[FOM] 184:Ideas in Proof Checking 3
Harvey Friedman
friedman at math.ohio-state.edu
Mon Jun 23 17:58:11 EDT 2003
Before moving on to Free Predicate Calculus, I am going to revisit
the material in #183 to give the user much more powerful options, and
also make the computer work harder.
But please recall that I strongly recommend LEMMA ENRICHMENT, so that
all proofs are as trivial as possible.
I have also changed terminology, using module instead of task.
Recall the general philosophy of the user/computer interaction. It is
a unidirectional effort to get ABSURDITIES. Therefore no mistakes can
be made, and there are no difficulties involved in excessive
pointless generation of formulas by the computer - or even by the
user. It is completely modularized, and unidirectional, with no side
effects. The only danger is that things get too cluttered. This is
solved by a double window system. Also there is an UNDO. The user
cannot get lost in the proof.

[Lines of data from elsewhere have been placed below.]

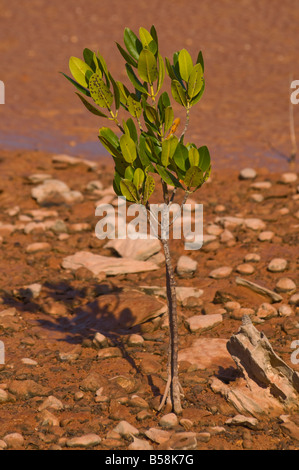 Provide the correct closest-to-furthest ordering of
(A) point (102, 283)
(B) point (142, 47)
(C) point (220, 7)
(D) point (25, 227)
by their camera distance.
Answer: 1. (B) point (142, 47)
2. (A) point (102, 283)
3. (D) point (25, 227)
4. (C) point (220, 7)

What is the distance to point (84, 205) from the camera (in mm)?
7180

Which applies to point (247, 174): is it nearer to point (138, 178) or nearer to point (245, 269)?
point (245, 269)

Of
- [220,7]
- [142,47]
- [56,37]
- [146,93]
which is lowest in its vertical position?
[146,93]

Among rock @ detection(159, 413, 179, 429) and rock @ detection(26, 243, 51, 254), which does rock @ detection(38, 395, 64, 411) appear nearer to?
rock @ detection(159, 413, 179, 429)

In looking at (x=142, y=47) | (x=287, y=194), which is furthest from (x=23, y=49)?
(x=142, y=47)

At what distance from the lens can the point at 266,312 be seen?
4867 millimetres

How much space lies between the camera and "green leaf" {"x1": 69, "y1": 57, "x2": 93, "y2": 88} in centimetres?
339

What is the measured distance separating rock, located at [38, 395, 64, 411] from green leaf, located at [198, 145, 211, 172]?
1.55 meters

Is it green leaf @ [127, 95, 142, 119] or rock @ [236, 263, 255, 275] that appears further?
rock @ [236, 263, 255, 275]

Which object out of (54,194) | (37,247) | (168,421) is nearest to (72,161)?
(54,194)

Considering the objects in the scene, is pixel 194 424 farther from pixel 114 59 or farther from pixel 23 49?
pixel 23 49

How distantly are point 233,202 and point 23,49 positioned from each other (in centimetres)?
771

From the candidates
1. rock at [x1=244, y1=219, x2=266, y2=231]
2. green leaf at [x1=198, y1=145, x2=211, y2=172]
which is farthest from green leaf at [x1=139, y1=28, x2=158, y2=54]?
rock at [x1=244, y1=219, x2=266, y2=231]

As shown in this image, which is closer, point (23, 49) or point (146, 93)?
point (146, 93) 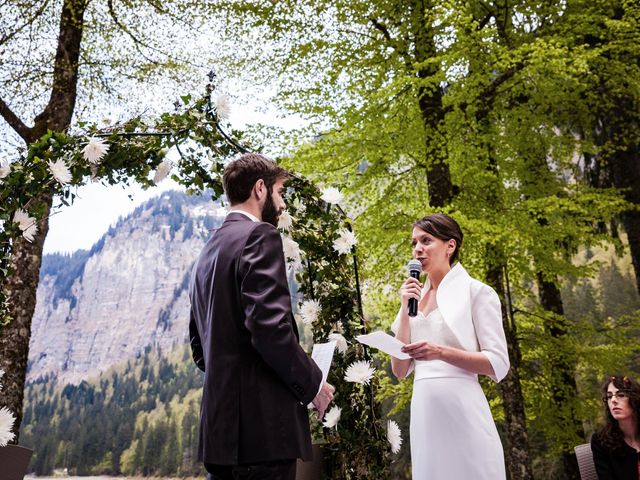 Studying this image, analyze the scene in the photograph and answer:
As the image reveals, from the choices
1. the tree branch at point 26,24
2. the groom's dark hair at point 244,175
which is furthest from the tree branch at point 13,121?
the groom's dark hair at point 244,175

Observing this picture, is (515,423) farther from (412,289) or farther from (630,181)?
→ (412,289)

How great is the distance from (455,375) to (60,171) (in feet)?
7.07

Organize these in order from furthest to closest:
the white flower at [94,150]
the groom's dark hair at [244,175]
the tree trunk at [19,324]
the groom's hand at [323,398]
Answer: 1. the tree trunk at [19,324]
2. the white flower at [94,150]
3. the groom's dark hair at [244,175]
4. the groom's hand at [323,398]

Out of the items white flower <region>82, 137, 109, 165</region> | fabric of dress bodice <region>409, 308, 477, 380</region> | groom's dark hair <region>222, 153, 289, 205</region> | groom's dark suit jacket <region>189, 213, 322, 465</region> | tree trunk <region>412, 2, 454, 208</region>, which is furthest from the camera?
tree trunk <region>412, 2, 454, 208</region>

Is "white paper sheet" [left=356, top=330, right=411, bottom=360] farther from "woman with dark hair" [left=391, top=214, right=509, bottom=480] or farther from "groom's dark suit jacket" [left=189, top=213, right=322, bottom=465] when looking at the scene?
"groom's dark suit jacket" [left=189, top=213, right=322, bottom=465]

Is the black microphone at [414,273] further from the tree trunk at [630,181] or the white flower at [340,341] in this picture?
the tree trunk at [630,181]

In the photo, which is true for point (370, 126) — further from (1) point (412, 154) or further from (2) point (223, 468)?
(2) point (223, 468)

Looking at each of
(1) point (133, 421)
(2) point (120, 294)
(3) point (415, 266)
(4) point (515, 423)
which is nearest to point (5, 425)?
(3) point (415, 266)

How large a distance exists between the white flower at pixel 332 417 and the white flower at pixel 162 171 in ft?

Importation is made unexpectedly
friendly as we shall demonstrate.
1. IMPLEMENTATION FOR TOY LANGUAGE OF PROPOSITIONAL CALCULUS.
The computer keeps a list of unfinished modules for the human.
At any time, a module is a nonempty finite set of signed formulas in
propositional calculus. A module is said to be finished if and only
if it contains some T(A),F(A). Otherwise, it is said to be unfinished.
Any module that is finished is removed from the list of unfinished
modules. The goal is for the user to get all unfinished modules
finished. This process is initiated by an initial module, which
corresponds exactly to the statement being proved.
I.e., if the statement being proved is A, then the initial module
consists of F(A). If the statement being proved takes the form
Assume A1,...,An. Then B.
then the initial module consists of
T(A1),...,T(An),F(B).
At any point in the user/computer interaction, there is exactly one
active module, which is of course unfinished. The unfinished modules
are kept in a numbered inventory of unfinished modules by the
computer, and can be called by name or number through standard human
interfaces for such purposes.
The active module presents a primary and a secondary window. (There
may be a point to having more windows, but this is not yet clear).
Both windows merely contain a list of signed formulas.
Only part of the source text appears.